Tenant Fire Wardens: The Hidden Leaders Keeping Your Commercial High-Rise Safe
This past week in Mississauga, Ontario, dozens of volunteer fire wardens from multiple tenants put their training to the test during a full-scale evacuation exercise across two high-rise office towers. Their leadership in preparedness, accountability systems, and seamless communication ensured the safe and efficient movement of every building occupant. In that moment, it became crystal clear: when lives are at stake, compliance alone isn’t enough—active preparedness is essential.
Why Building Management Should Celebrate and Empower Tenant Wardens
In many commercial or mixed-use towers, property managers may view fire safety primarily - as their domain. But the reality under the Ontario Fire Code (Division B, Section 2.8 – Emergency Planning) is that responsibility must be shared:
The Fire Safety Plan must be implemented, maintained, and understood by all those with roles and responsibilities, and this includes tenants and employers operating in the building.
Supervisory staff—including tenant representatives delegated as “fire wardens” —must be instructed in the fire emergency procedures - before being entrusted with those responsibilities. This training, must be provided by the building Owner, for all “Supervisory” staff identified within the approved Fire Safety Plan.
Training, Fire drills, documentation, and evaluations are required components of an Ontario Fire Code compliant, robust, high-rise safety program.
From an NFPA perspective, principles of incident command, hazard recognition, and evacuation leadership should inform training design. NFPA training emphasizes practical, role-based drills and scenario work to build confidence under stress.
By engaging tenants and employer fire wardens through recognized training, building management fosters a shared culture of safety—and ensures that, in an emergency, every “zone of control” acts confidently.
The Role of Tenant/Employer Fire Wardens in a Real Emergency
Trained and practiced Fire wardens assigned within leased spaces bring crucial advantages:
Immediate local awareness: They know their tenant zone’s layout, occupants, hazards, emergency exits, and unique challenges.
First-line leadership: In an evacuation, they guide occupants, manage egress flow, and coordinate with those requiring asistance.
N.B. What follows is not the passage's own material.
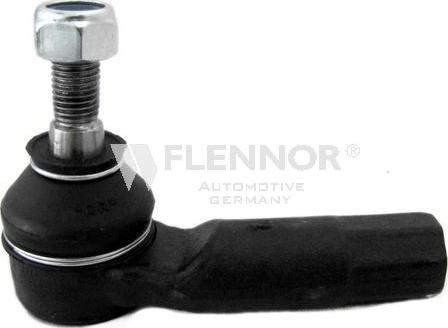 Flennor FL0120-B - Наконечник рулевой тяги, шарнир autospares.lv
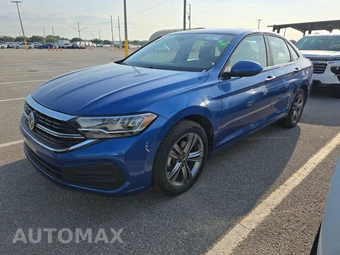 2024 Volkswagen Jetta SE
Accountability and feedback: During drills and real events, they can report anomalies (exit blockages, noncompliant storage, systems / speaker issues, occupant behaviour) for corrective action.
Liaison and communication: They bridge tenant-floor operations with property management during emergencies.
At National Life Safety Group (NLSG), our mission is to turn code obligations into trusted, real-world action. Our accredited fire warden training and Evacuation Exercise Management programs:
Aligns with Ontario Fire Code mandates and NFPA best practices
Accredited by the Institution of Fire Engineers (IFE) Canada Branch, and endorsed by the CRMAO.
Is delivered by expert fire & life safety educators (recognized by NFPA)
Uses scenario-based drills, realistic role play, and adult learning principles
Detailed, documented reports that meet and exceed the Code requirements, and provide downstream edcuational value to all in the building.
Certifies participants to lead confidently, communicate crisply, and enforce accountability
For property managers and building Owners, investing in this training sends a clear message: safety is shared, not siloed. It shows tenants you trust them—and with proper training, they become an extension of your safety network.
Why This Matters: Beyond Compliance
That powerful image of two fire wardens cellebrating their preparedness efforts after the Mississauga drill is more than a photo—it’s proof that preparedness and practice makes us all confident. For building management, partnering with tenants via accredited training is:
A means to strengthen trust and communication
A way to reduce liability and enhance legal compliance
A path to true resilience, not just theoretical readiness
So ask today:
Are your tenant zones integrated into your Fire Safety Plan?
Are your tenant fire wardens trained, certified, and exercised?
Do your drills reveal gaps before a real fire does?